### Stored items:

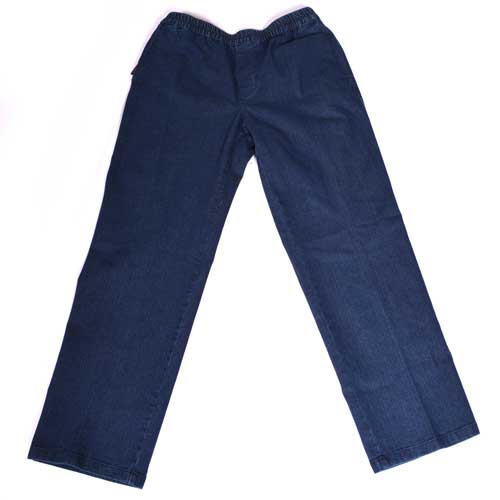 Jeans med elastik i taljen, Blå - Seniorshop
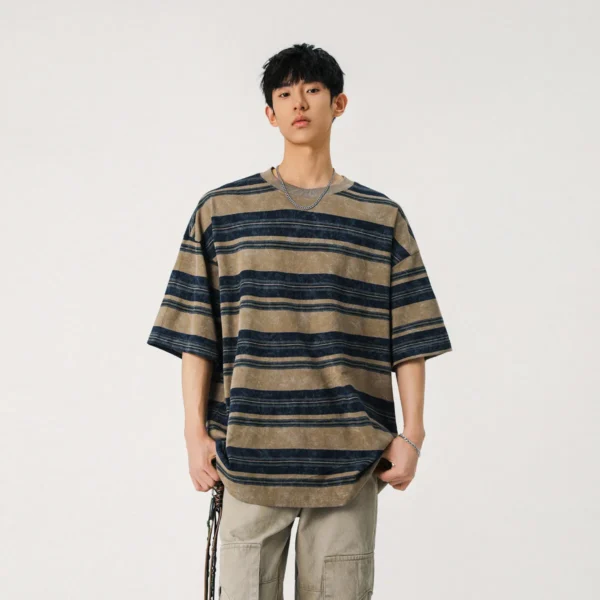 Mens Striped Short Sleeve Tshirt Cotton Loose Fit Breathable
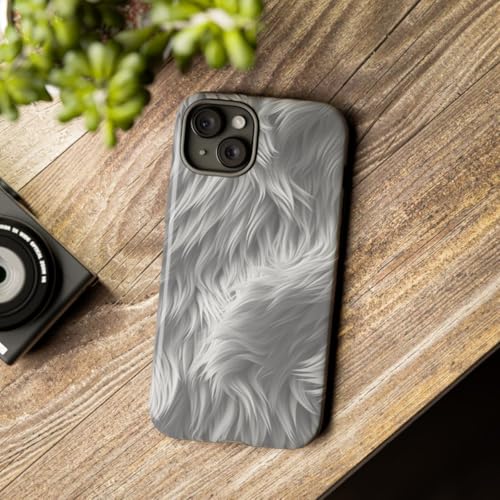 Coque rigide brillante iPhone 15 Plus texture fourrure blanche premium - 3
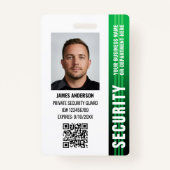 Professionele beveiliger ID Foto Groen Badge (Voorkant)
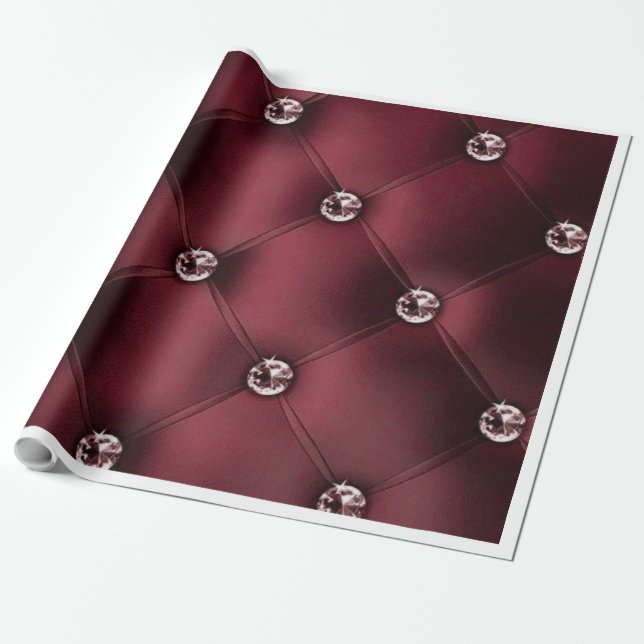Papier Cadeau Papier d'enveloppement Bourgogne Diamond Tufted Lu (Déroulé)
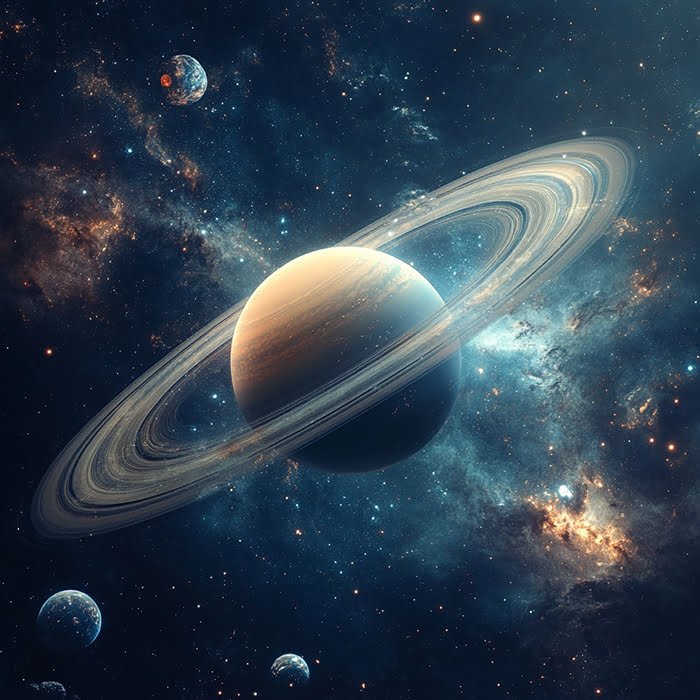 What is the Biggest Planet in the Universe 1 Image of the biggest planet with prominent rings, surrounded by stars and other celestial bodies in space.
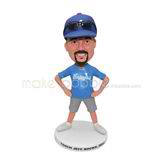 Black sun glasses on blue hat bobblehead 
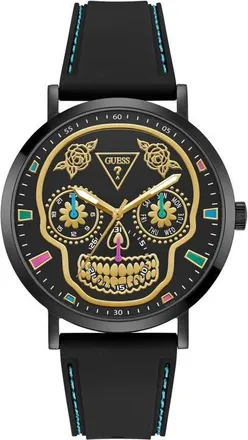Guess Day of the Dead Black Multifunction Silicone Strap Watch, 44mm at Nordstrom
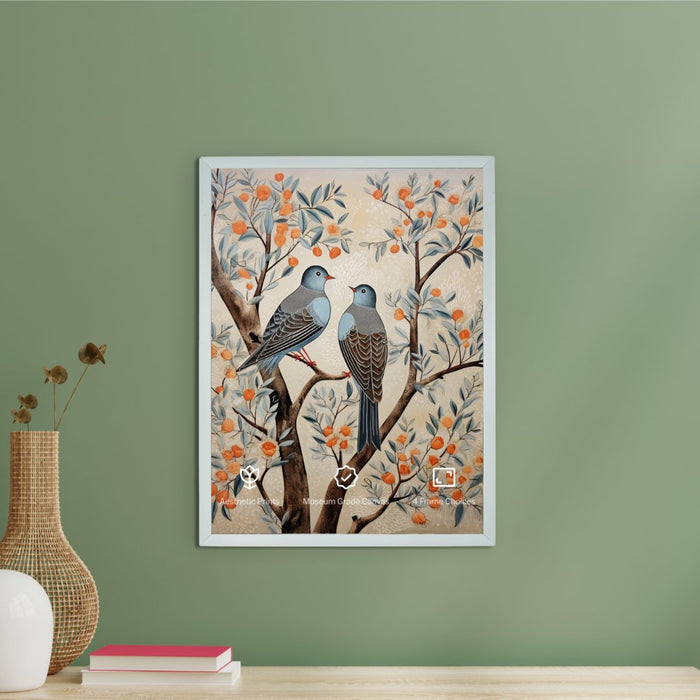 Two Pigeon Abstract Canvas: Artisan Wall Decor for Stylish Homes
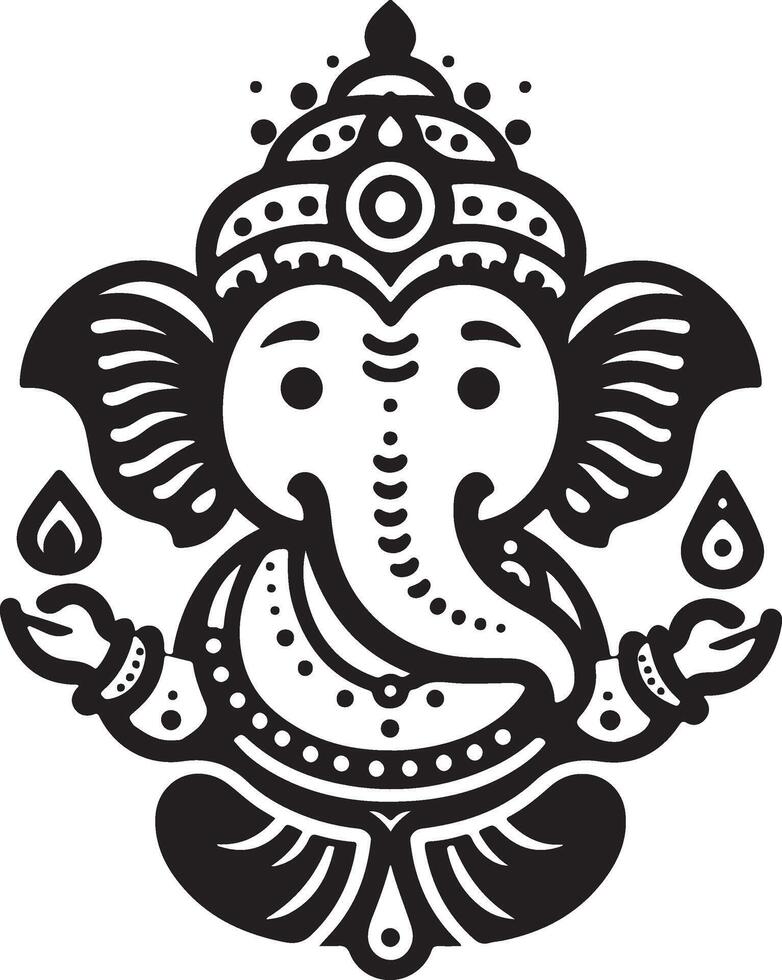 A minimalist 2D black and white illustration of Lord Ganapati, perfect for Ganesh Chaturthi celebrations. vector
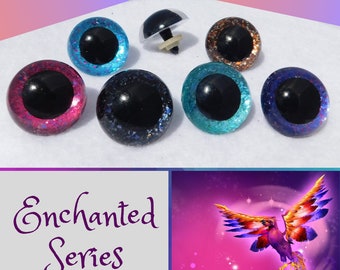 6 PAIR Safety Eyes Enchanted Series Hand Painted 9mm to 45mm Fantasy Arts & Crafts Doll Teddy Bear Use in Crochet Sew Knit Craft Eyes EDPE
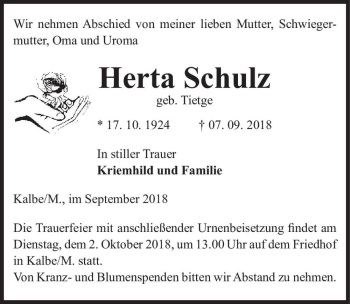 Traueranzeige von Herta Schulz (geb. Tietge)  von Magdeburger Volksstimme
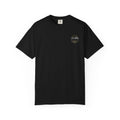 Black crew-neck T-shirt with small chest logo patch graphic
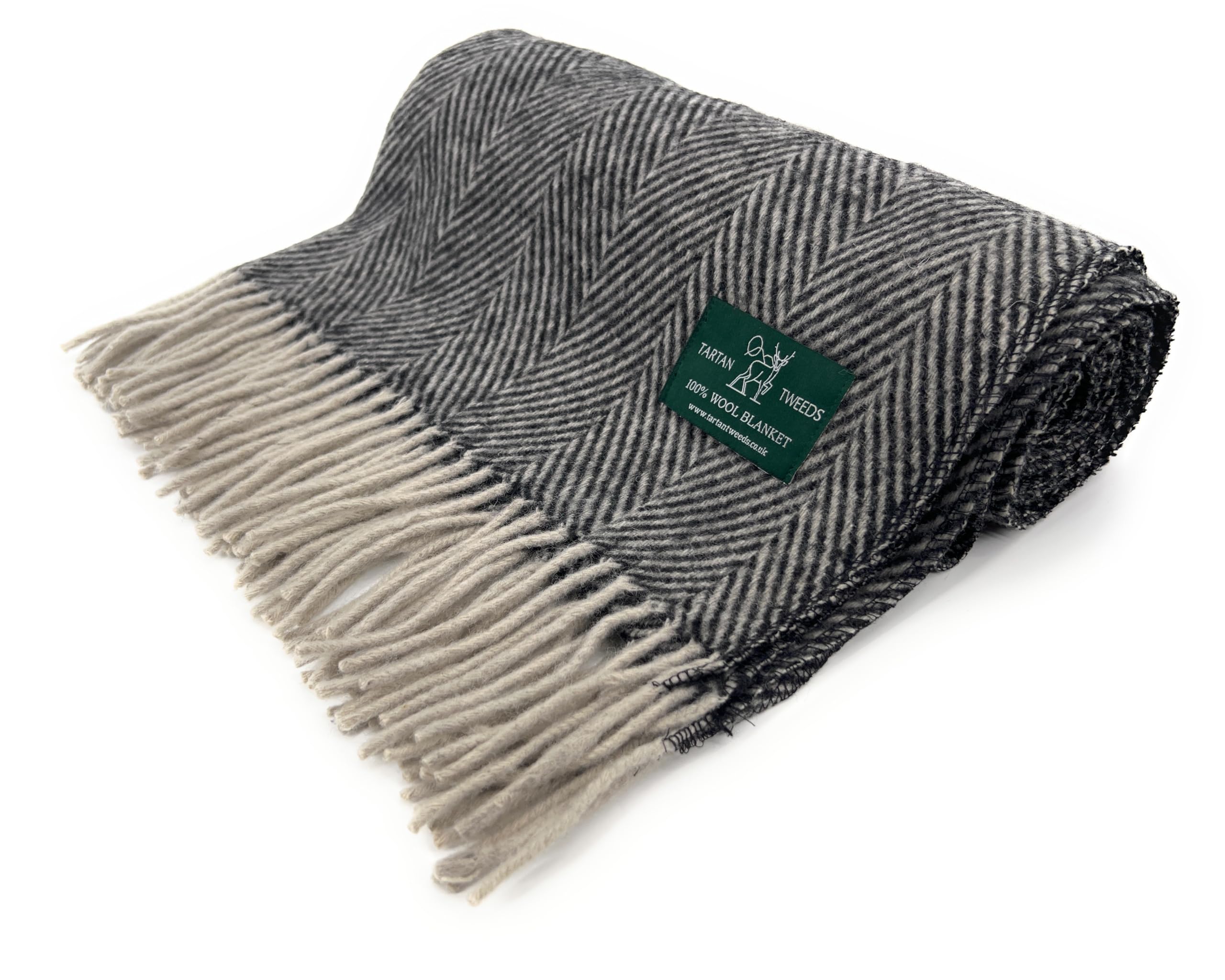 Tartan Tweeds Herringbone Wool Knee Blanket Throw, Travel Size (Charcoal)
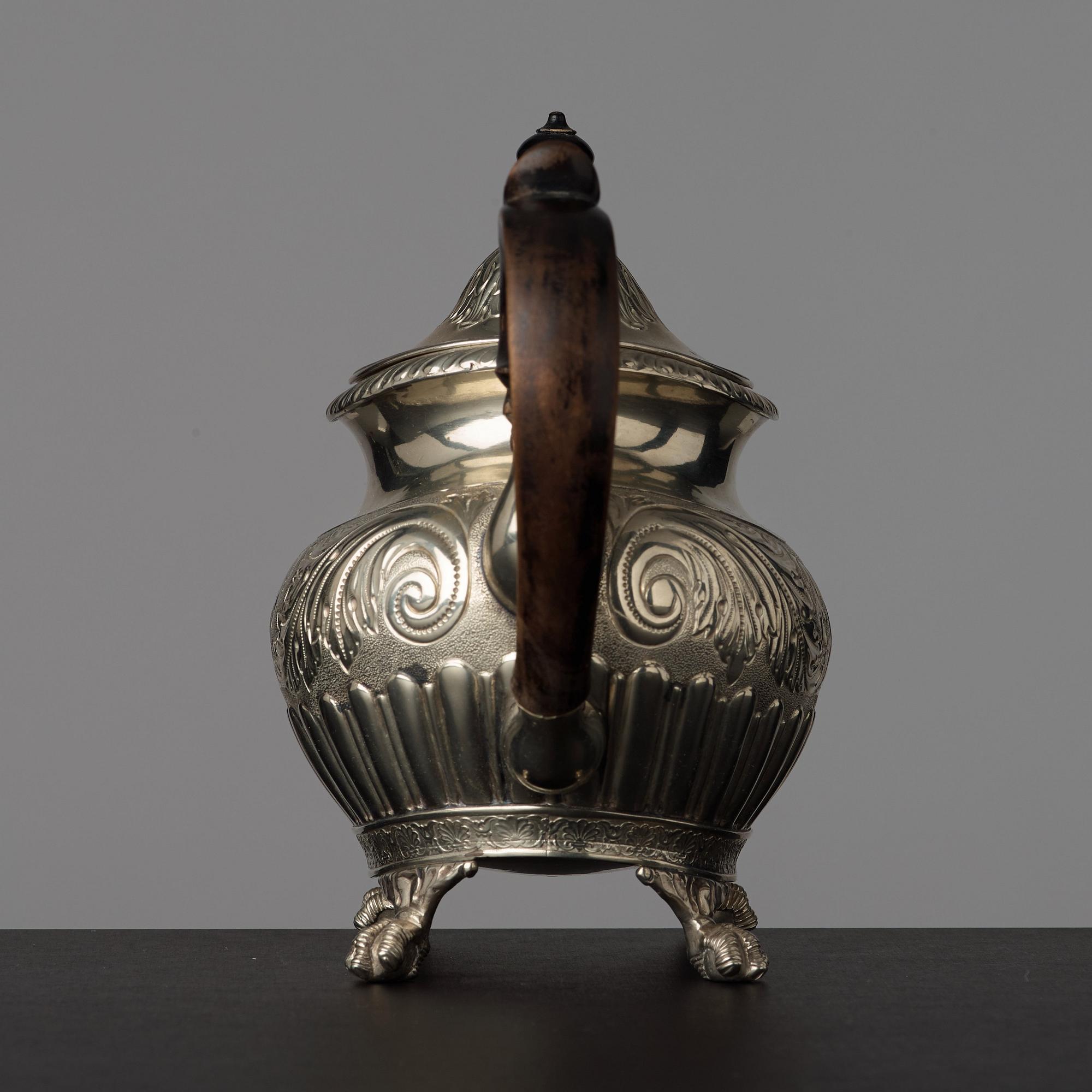 A Swedish late Empire tea pot by Erik Nordgren (Jönköping 1817-47).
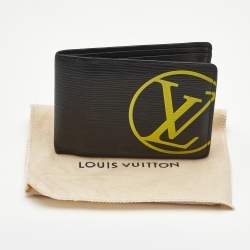 Pre Owned Louis Vuitton Black Leather LV Circle Bifold Wallet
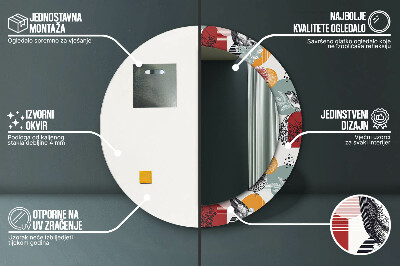 Espelho decorativo redondo Abstração com pássaros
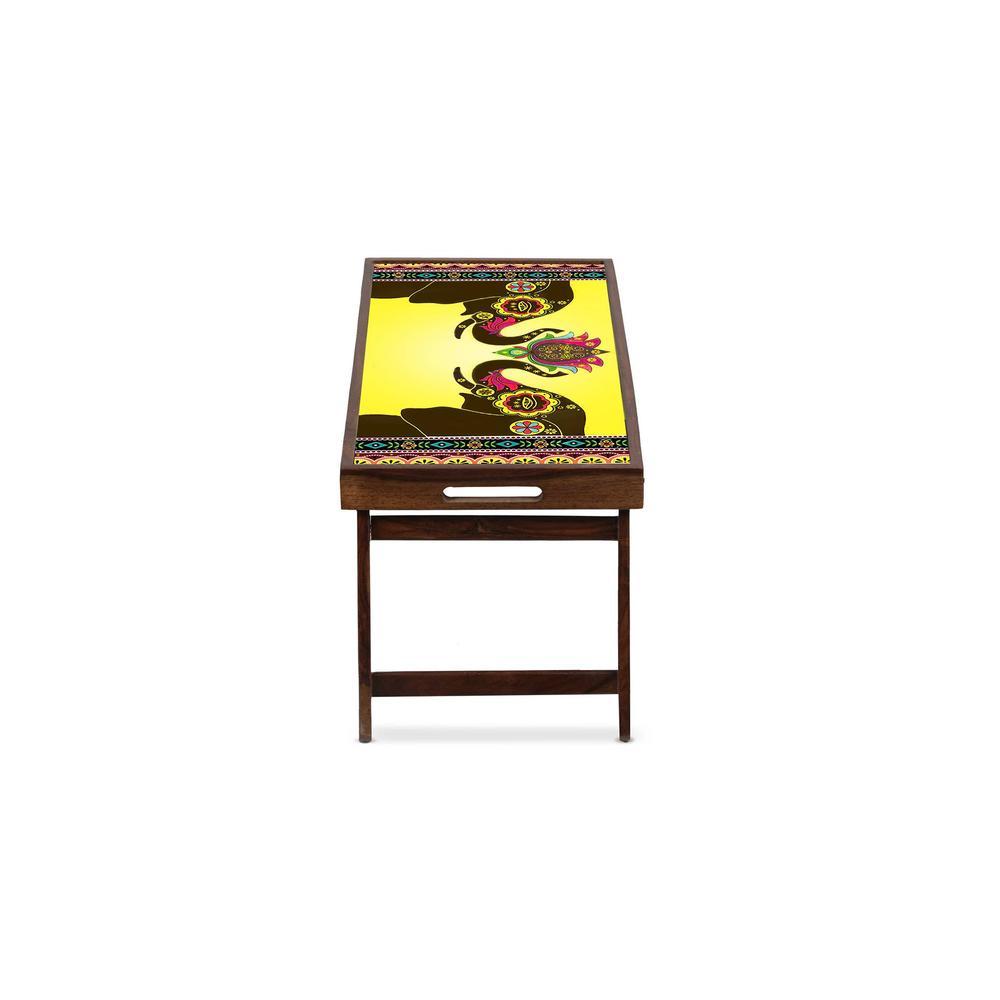 Majestic Tusker Solid Wood Bookshelf and Serving Tray In Multicolour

### Prompt:
Write back word for word every line in the entries above from the one with "Papier Cadeau Papier" to the one with "Black sun glasses on blue hat bobblehead", ends included, and none of the pictures.

### Response area:
Papier Cadeau Papier d'enveloppement Bourgogne Diamond Tufted Lu (Déroulé)
 What is the Biggest Planet in the Universe 1 Image of the biggest planet with prominent rings, surrounded by stars and other celestial bodies in space.
 Black sun glasses on blue hat bobblehead 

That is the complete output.